REQUIRED ACTION: For the data below, retype word for word the lines from the one containing "TECHVIDA 2'x8' Hallway" through the one containing "NORBRECK, COTSWOLD MEAD, PAINSWICK, STROUD, GL6"; drop the pictures.

LISTED RECORDS:
*-*-*

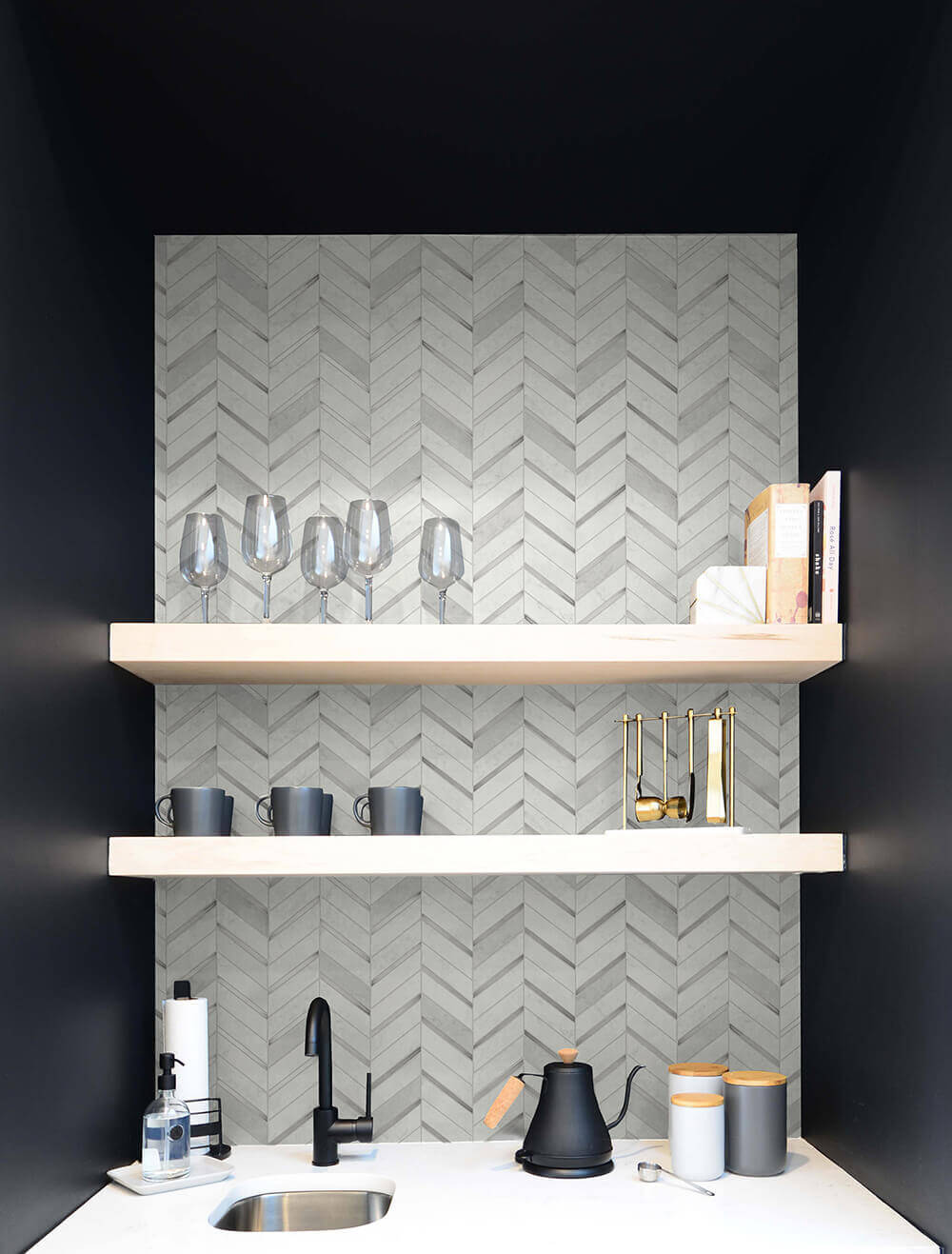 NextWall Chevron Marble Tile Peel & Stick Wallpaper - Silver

*-*-*

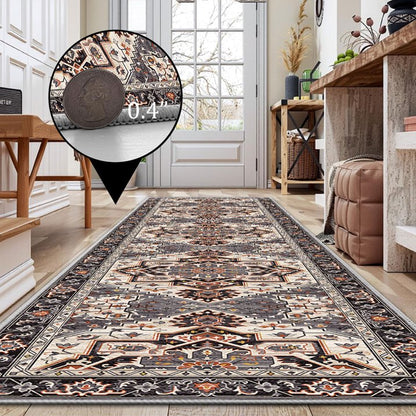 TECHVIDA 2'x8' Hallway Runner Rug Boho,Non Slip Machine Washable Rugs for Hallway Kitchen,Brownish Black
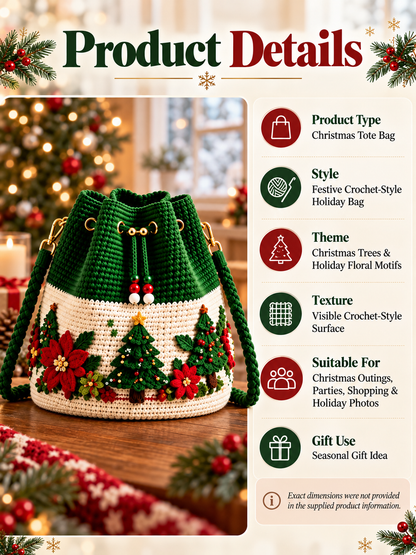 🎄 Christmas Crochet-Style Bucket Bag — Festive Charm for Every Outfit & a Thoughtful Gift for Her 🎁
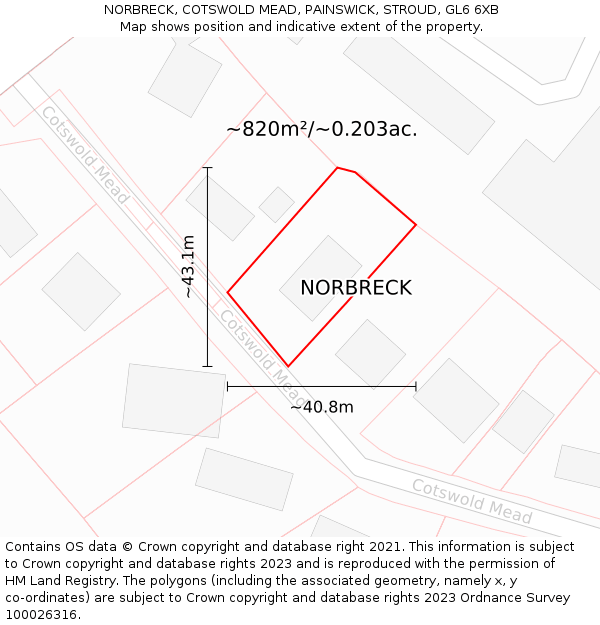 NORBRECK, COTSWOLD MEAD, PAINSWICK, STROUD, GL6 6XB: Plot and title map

*-*-*

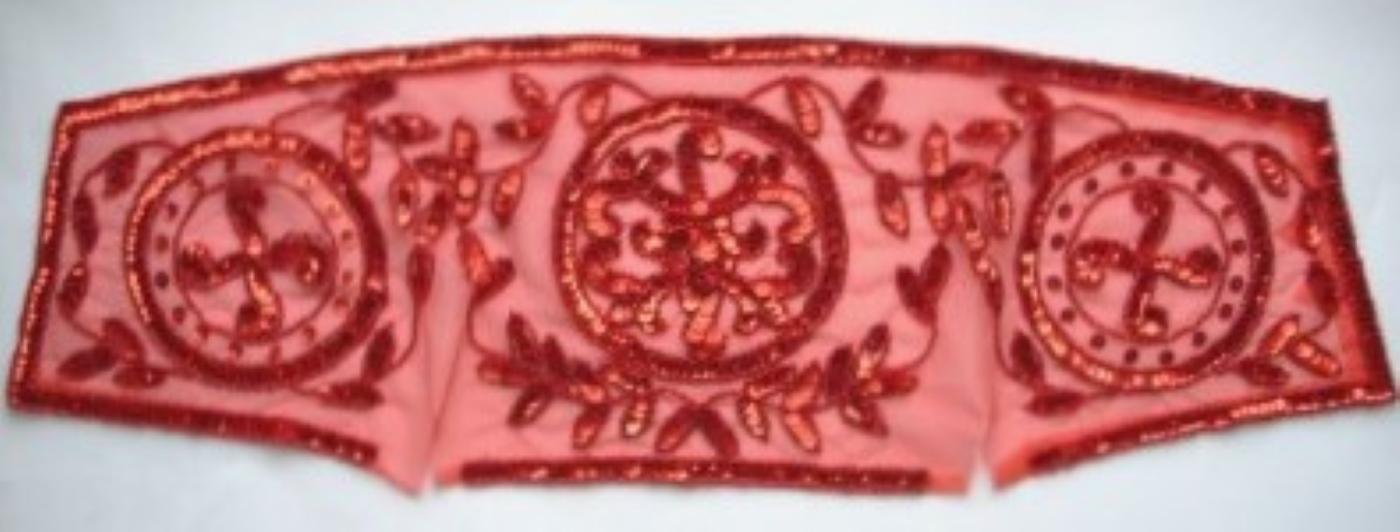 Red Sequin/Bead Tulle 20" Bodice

*-*-*

WRITTEN RESPONSE:
 TECHVIDA 2'x8' Hallway Runner Rug Boho,Non Slip Machine Washable Rugs for Hallway Kitchen,Brownish Black
 🎄 Christmas Crochet-Style Bucket Bag — Festive Charm for Every Outfit & a Thoughtful Gift for Her 🎁
 NORBRECK, COTSWOLD MEAD, PAINSWICK, STROUD, GL6 6XB: Plot and title map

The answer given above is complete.